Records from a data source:

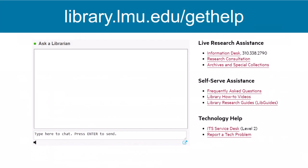If you need help finding a book or navigating ebooks, contact a librarian.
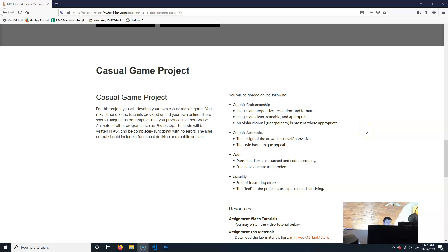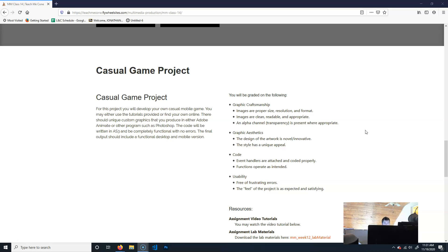All right, so this week you're going to be continuing work on your casual game project, because obviously this project is a little bit more involved than previous projects. Just like I spoke about last week,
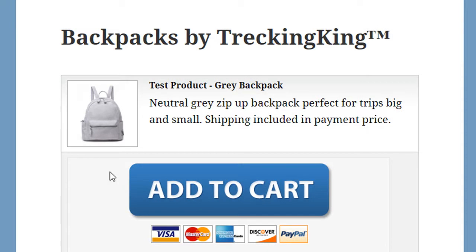If you need any assistance creating eStore products, you'll first need to view the WP eStore product tutorials.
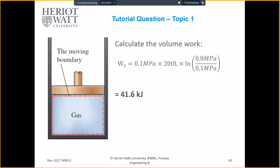So that's a positive. You can calculate the volume work equals 0.1 times 200 liters times log of 0.8 megapascals over 0.1, which is 41.6 kilojoules.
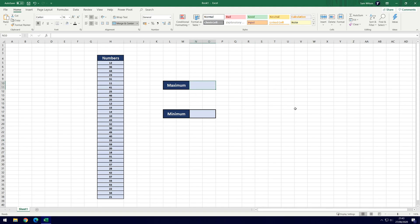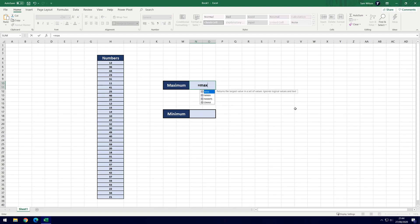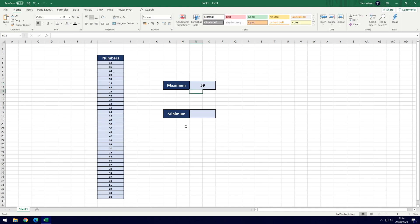I've got these boxes set up ready and the formula that we need to enter is the equals key as always, and then it's just MAX — M-A-X for the maximum — and then we want two open brackets, and then we're going to select the range of numbers that we have. So drag that across the range, then close brackets and hit enter. As you can see it's revealed the maximum of 59.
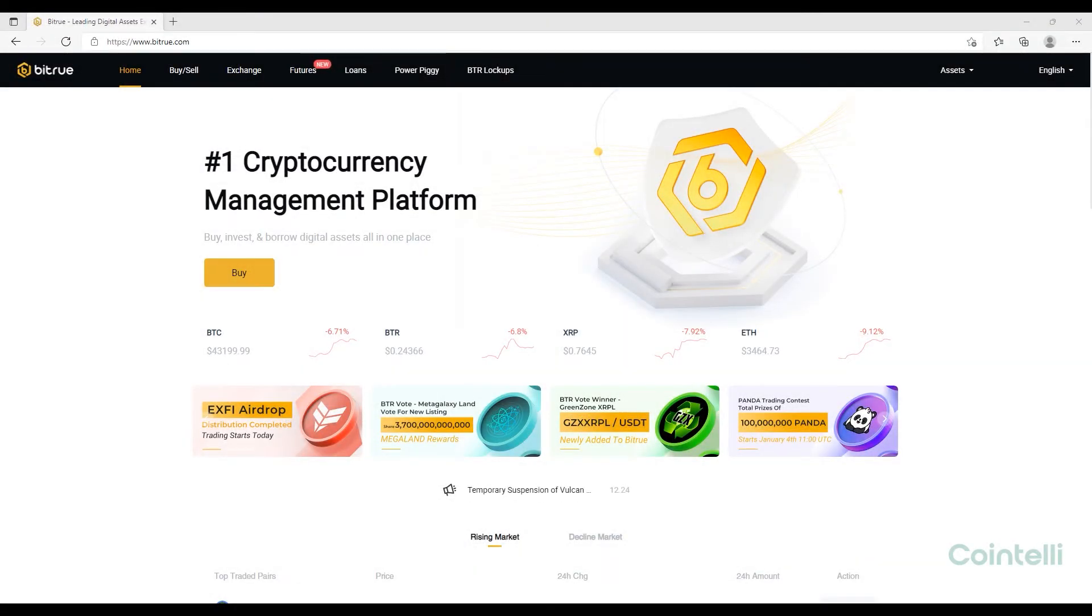This is a tutorial video on how to download the CSV files from Bittrue.com. Go to Bittrue.com and log into your account.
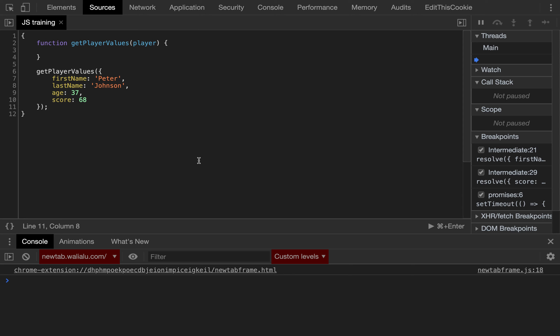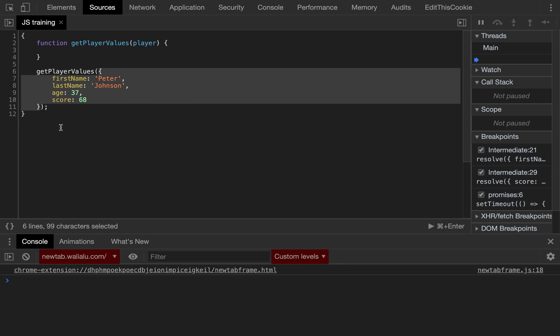If we have an object, we can easily access the values of the object using the Object.values method. In this particular scenario, we have an object with some key-value pairs of a player.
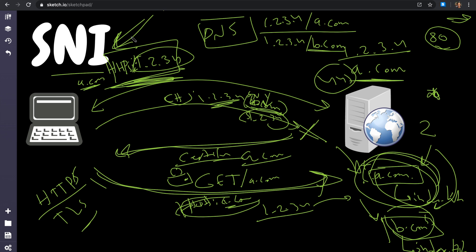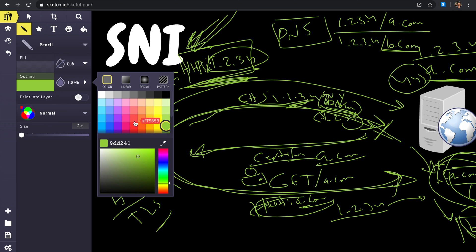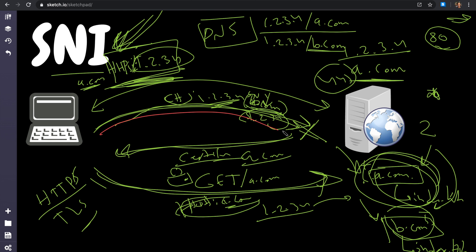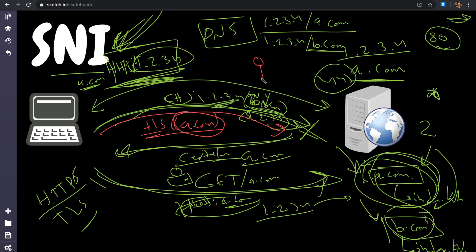SNI is not perfect. The reason is that when we send the TLS handshake, we are sending a.com in plain text because this happens before the encryption. So someone sniffing the network - like an ISP - can see exactly which hostname you're connecting to, because the SNI field is unencrypted. ISPs still know where you're going because of SNI.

▸ Task goal
Out of the records above, please copy exactly the lines from the line with "I've got these" up to and including the line with "If we have an", minus the pictures.

▸ Output below
I've got these boxes set up ready and the formula that we need to enter is the equals key as always, and then it's just MAX — M-A-X for the maximum — and then we want two open brackets, and then we're going to select the range of numbers that we have. So drag that across the range, then close brackets and hit enter. As you can see it's revealed the maximum of 59.
This is a tutorial video on how to download the CSV files from Bittrue.com. Go to Bittrue.com and log into your account.
If we have an object, we can easily access the values of the object using the Object.values method. In this particular scenario, we have an object with some key-value pairs of a player.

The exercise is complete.